BEGIN

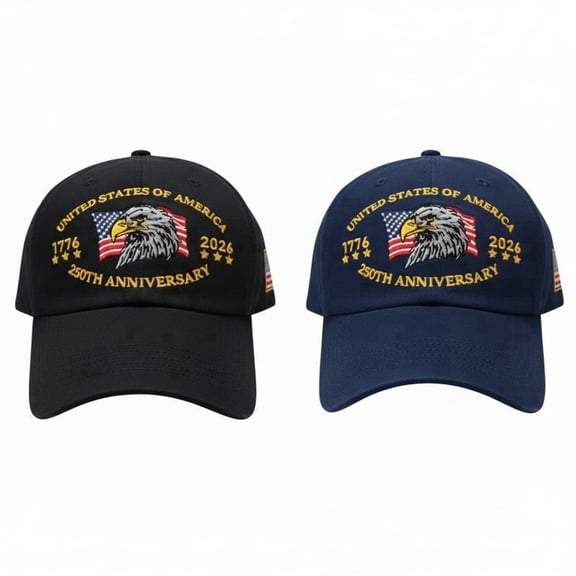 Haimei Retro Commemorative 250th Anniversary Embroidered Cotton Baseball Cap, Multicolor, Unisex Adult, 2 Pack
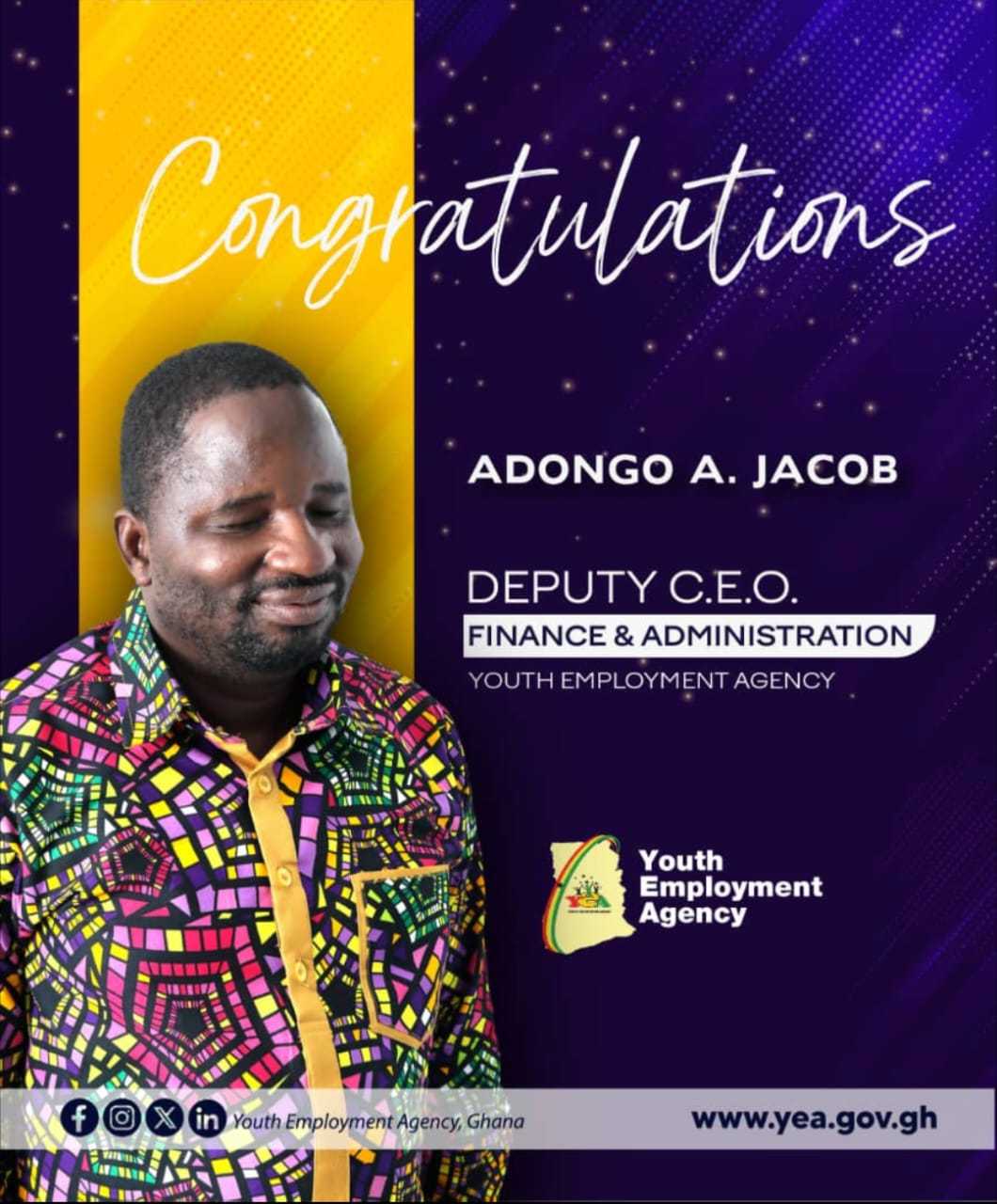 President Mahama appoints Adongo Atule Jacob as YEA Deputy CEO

END
BEGIN

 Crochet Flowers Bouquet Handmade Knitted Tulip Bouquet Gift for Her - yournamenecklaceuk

END

### What you are asked to do
Using the data above, which lines fall from the one with "Haimei Retro Commemorative" through the one with "President Mahama appoints"? Repeat them exactly, ends included, minus any pictures.

### The answer
 Haimei Retro Commemorative 250th Anniversary Embroidered Cotton Baseball Cap, Multicolor, Unisex Adult, 2 Pack
 President Mahama appoints Adongo Atule Jacob as YEA Deputy CEO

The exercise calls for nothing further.